Search code examples
pythoncassandracassandra-driver

Approach to resolve Cassandra Coordinator node timeouts on writes


I have a simple one node Cassandra cluster with basic keyspace configuration that has replication_factor=1

In this keyspace, we have about 230 tables. Each table has roughly 40 columns. The writes we do to these tables are at roughly the rate of 30k writes in five minutes just once a day. I have about 6 python workers scripts that make these writes to any one table at a time and they will all continue making these writes till all 230 tables are written to for the day. The scripts use the python cassandra-driver with a simple session to make these writes. As far as the data being written here, a lot of them are nulls.

Effectively, if I am right, this can be thought of as 6 concurrent connection making 30k+ entries in five minutes per day.

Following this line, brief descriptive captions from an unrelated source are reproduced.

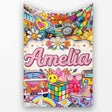 Cute Hippie Van Rainbow Toys Collage Cream Background Seamless  Personalised Custom Name Super Soft Fleece Blanket Bed Sofa Throw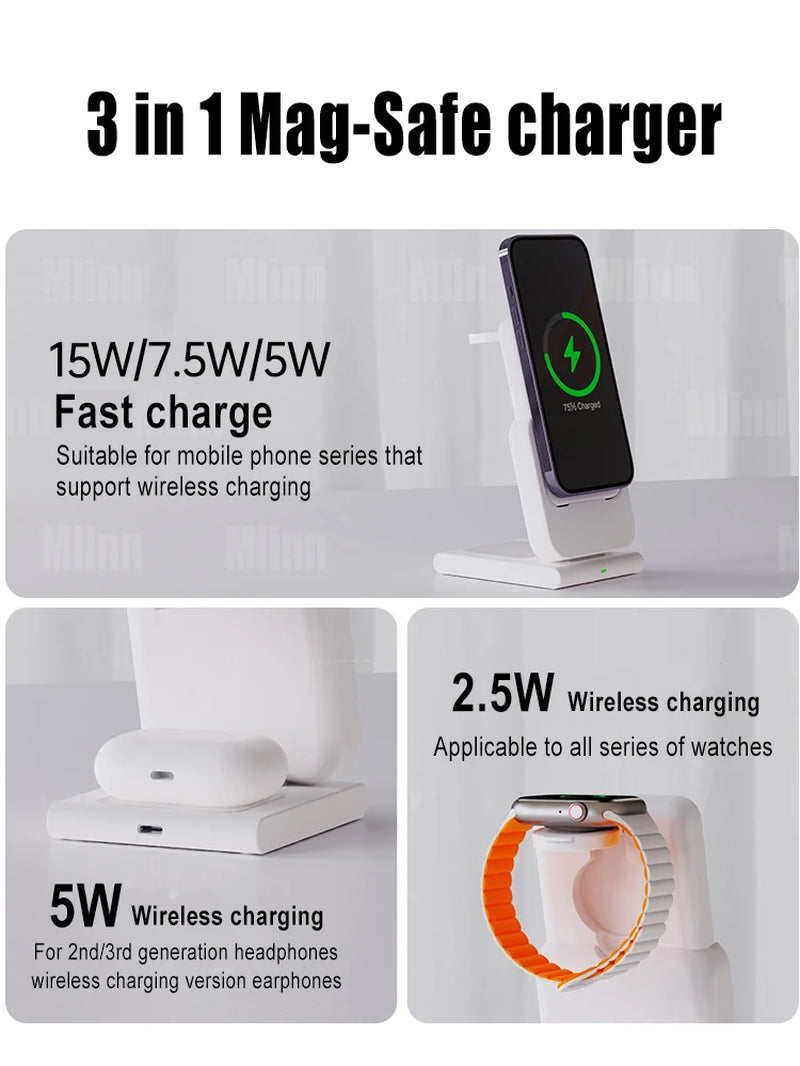 "Ultimate 3-in-1 Wireless Magnetic Charging Station - Fast, Foldable Power Bank for MagSafe iPhone 15/14/13/12!"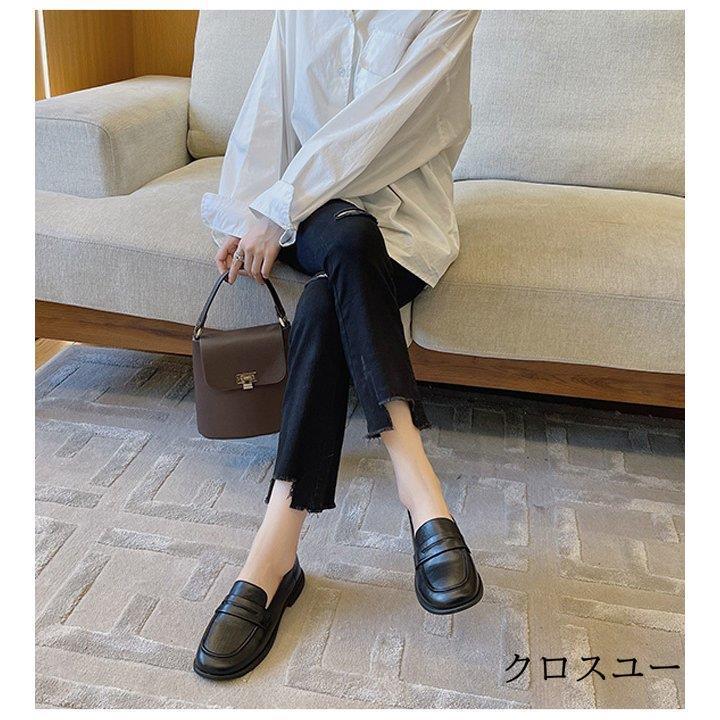 ローファー レディース 本革 フラットシューズ 高級感 革靴 世界的に有名な レトロ チャンキーヒール オフィス レザーシューズ ローヒール 楽チン 皮 靴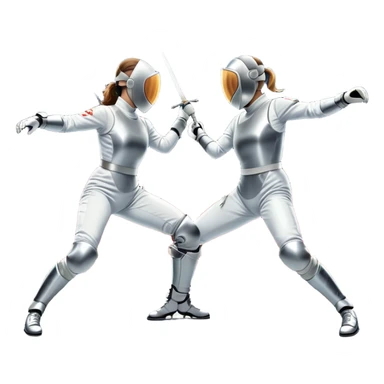 Two fencers in full protective gear and masks duel on a professional piste, swords clashing mid-air. Dynamic lunges and defensive stances highlight the intensity of the sport. The background features a stylized fencing arena with bright lights. Transparent background sticker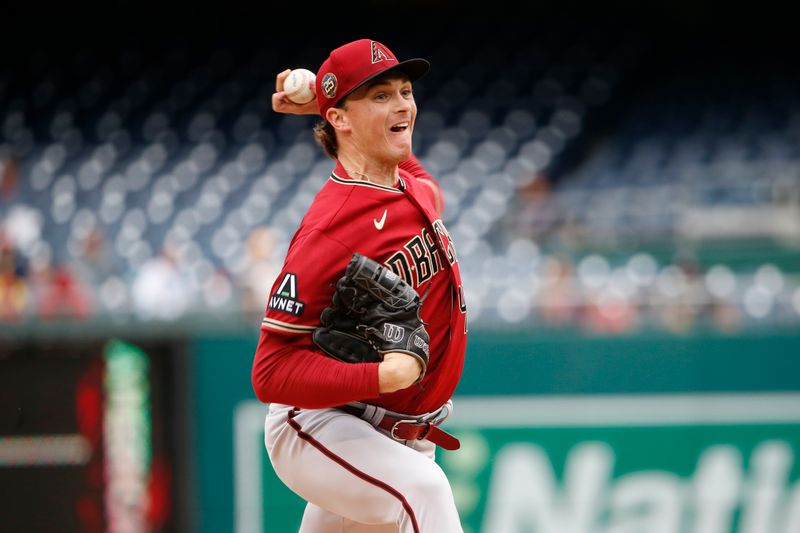 Jun 22, 2023; Washington, District of Columbia, USA; Arizona Diamondbacks starting pitcher Tommy Henry (47) throws the ball in the sixth inning against the Washington Nationals at Nationals Park. Mandatory Credit: Amber Searls-USA TODAY Sports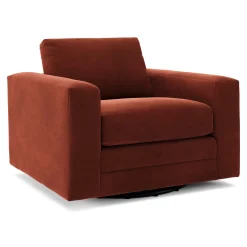Riley 42" Velvet Grand Swivel Chair - Hale Rust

I understand how cassandra writes and deletes work and am familiar with coordinator nodes etc. I am observing a traceback that occurs intermittently as described below:

"cassandra/cluster.py", line 2030, in cassandra.cluster.Session.execute (cassandra/cluster.c:38536)
app_nstablebuilder.1.69j772led82k@swarm-worker-gg37    |   File "cassandra/cluster.py", line 3844, in cassandra.cluster.ResponseFuture.result (cassandra/cluster.c:80834)
app_nstablebuilder.1.69j772led82k@swarm-worker-gg37    | cassandra.WriteTimeout: Error from server: code=1100 [Coordinator node timed out waiting for replica nodes' responses] message="Operation timed out - received only 0 responses." info={'consistency': 'ONE', 'required_responses': 1, 'received_responses': 0}

My question has to do with how to approach solving this problem. I am unable to verify whether the problem has come out of my workers' scripts or with the Cassandra cluster itself. Should I be slowing down my workers in doing their writes? Should I run some sort of diagnostic to improve Cassandra performance?

All the solutions I have read till now have to do with multinode clusters and I couldn't find one for a single node cluster.

I feel like our cluster is unhealthy and that my efforts should be targetted in fixes there. If so, I'm unsure of where to begin. Could anyone point me in the right direction?

If there's any further information I could provide to help, do let me know.


Solution

  • Inserting nulls will create tombstones. Excluding the null columns from the query will not create tombstones. You can read a little bit on that matter here. I'm not sure that inserting nulls may cause this, but inserting nulls (that would create tombstones) is definitely an improvement to take into account.